Mendengar klarifikasi dari Saad, Umar memintanya kembali ke Irak. Akan tetapi Saad menanggapinya dengan mengatakan, “Apakah engkau memerintahkanku kembali kepada kaum yang menuduhku tidak beres dalam shalat?” Saad lebih senang tinggal di Madinah dan Umar mengizinkannya.
Ketika Umar ditikam, sebelum wafat ia memerintahkan enam orang sahabat yang diridhai oleh Nabi ﷺ -salah satunya Saad- untuk bermusyawarah memilih khalifah penggantinya. Umar berkata, “Jika yang terpilih adalah Saad, maka dialah orangnya. Jika selainnya, hendaklah meminta tolong (dalam pemerintahannya) kepada Saad”.
Sikap Saad Saat Terjadi Perselisihan Antara Ali dan Muawiyah
Saad bin Abi Waqqash menjumpai perselisihan besar yang terjadi pada kaum muslimin. Antara Ali bin Abi Thalib dan Muawiyah bin Abi Sufyan, radhiallahu ‘anhum ajma’in. Sikap Saad pada saat itu adalah tidak memihak kelompok manapun. Ia juga memerintahkan keluarga adan anak-anaknya untuk tidak mengabarkan berita apapun kepadanya.

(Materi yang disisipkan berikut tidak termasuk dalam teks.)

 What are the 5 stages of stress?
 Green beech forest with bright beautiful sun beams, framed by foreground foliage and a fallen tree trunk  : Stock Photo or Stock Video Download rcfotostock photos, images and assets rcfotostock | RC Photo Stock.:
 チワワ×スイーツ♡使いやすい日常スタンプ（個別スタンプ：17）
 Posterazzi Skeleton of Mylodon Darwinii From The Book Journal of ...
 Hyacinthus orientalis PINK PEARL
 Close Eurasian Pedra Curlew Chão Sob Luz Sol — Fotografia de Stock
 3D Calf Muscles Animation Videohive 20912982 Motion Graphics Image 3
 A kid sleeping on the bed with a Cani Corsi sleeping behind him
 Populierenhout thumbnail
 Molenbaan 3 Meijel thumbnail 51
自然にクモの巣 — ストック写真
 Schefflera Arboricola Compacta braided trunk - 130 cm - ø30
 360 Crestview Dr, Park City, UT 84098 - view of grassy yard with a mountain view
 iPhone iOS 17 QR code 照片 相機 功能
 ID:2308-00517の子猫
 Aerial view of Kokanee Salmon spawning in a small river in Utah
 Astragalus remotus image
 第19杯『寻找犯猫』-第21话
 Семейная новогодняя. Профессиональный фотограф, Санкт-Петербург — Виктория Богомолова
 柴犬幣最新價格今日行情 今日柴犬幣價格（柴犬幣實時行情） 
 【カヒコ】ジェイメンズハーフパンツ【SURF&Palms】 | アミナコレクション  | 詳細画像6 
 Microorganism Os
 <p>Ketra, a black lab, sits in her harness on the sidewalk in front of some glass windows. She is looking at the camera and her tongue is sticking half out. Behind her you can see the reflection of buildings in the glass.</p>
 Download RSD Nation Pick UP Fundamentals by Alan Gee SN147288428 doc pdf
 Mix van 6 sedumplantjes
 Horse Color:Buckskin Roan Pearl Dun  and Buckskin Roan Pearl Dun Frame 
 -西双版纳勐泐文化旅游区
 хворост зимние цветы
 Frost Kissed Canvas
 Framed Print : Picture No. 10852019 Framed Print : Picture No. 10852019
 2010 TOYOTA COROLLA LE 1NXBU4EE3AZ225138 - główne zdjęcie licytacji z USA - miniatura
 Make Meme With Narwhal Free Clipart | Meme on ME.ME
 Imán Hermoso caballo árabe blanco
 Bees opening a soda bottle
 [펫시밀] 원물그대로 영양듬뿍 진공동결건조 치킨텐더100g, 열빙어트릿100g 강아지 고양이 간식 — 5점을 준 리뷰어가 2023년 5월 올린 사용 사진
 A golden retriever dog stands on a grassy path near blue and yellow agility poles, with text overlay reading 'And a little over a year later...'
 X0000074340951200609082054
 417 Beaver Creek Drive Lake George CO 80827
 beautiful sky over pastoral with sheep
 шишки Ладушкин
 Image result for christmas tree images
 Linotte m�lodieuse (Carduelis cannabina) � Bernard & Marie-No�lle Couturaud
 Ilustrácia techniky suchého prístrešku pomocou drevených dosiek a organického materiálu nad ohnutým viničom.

Keponakannya, Hisyam bin Utbah bin Abi Waqqash, berkata kepadanya, “Wahai paman, ini adalah 100.000 pedang (pasukan) yang menganggap Andalah yang berhak menjadi khalifah”. Saad menjawab, “Aku ingin dari 100.000 pedang tersebut satu pedang saja. Jika aku memukul seorang mukmin dengan pedang itu, maka ia tidak membahayakan. Jika dipakai untuk memukul orang kafir (berjihad), maka ia mematikan”. Mendengar jawaban pamannya, Hisyam paham bahwa pamannya, Saad bin Abi Waqqash sama sekali tidak ingin ambil bagian dalam permasalahan ini. Ia pun pergi.
Wafat
Saad bin Abi Waqqash termasuk sahabat yang berumur panjang. Ia juga dianugerahi Allah ﷻ harta yang banyak. Namun ketika akhir hayatnya, ia mengenakan pakaian dari wol. Jenis kain yang dikenal murah kala itu. Ia berkata, “Kafani aku dengan kain ini, karena pakaian inilah yang aku pakai saat memerangi orang-orang musyrik di Perang Badar”. 
Saad wafat pada tahun 55 H. Ia adalah kaum muhajirin yang paling akhir wafatnya. Semoga Allah meridhainya.